How much strain is to weight.

Thread Starter

Vindhyachal Takniki

Joined Nov 3, 2014
594
This is bit silly question or I don't know how exactly to post.
I have a circuit with 20 microstrain resolution.
I want know how much force I have to apply on strain gauge so that it provide 20 microstrain change.

Obviously that change will come with change in resistance. That math I can calculate.

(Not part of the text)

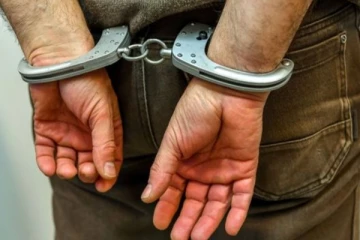 யாழில் மர்ம பொருளுடன் ஒருவர் கைது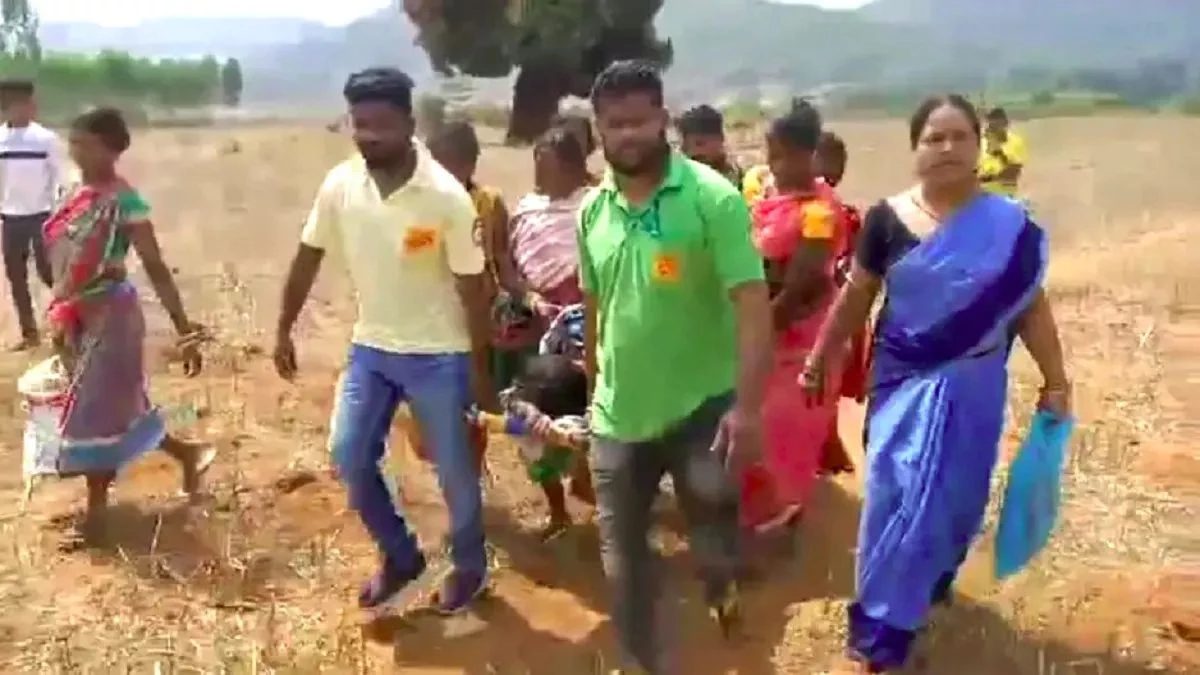 रास्ता नहीं, खाट ही बनी एंबुलेंस... जंगल में हुई डिलीवरी, खराब सड़क के कारण गांव नहीं पहुंच सका वाहन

But I want to know how to force applied to strain
 

wayneh

Joined Sep 9, 2010
17,498
You have not provided enough information. 20µ-strain means a 20ppm deformation from the original. You have to know the properties of the device being deformed in order to relate the ppm deformation into an absolute force.
 

studiot

Joined Nov 9, 2007
4,998
Wayne is right, you are short of information. The Force a strain gauge measures is in (applied to) the deforming body it is attached to, not in the stain gauge itself.

Do you understand how strain gauges work?

Incidentally 'resolution' has nothing to do with your question.
Resolution is always the smallest difference in the measured quantity (strain in your case) your equipment can distinguish.

So a voltmeter with 0.01 volt resolution can distinguish between 5.00 volts and 5.01 volts, but not between 5.006 volts and 5.010 volts and so on.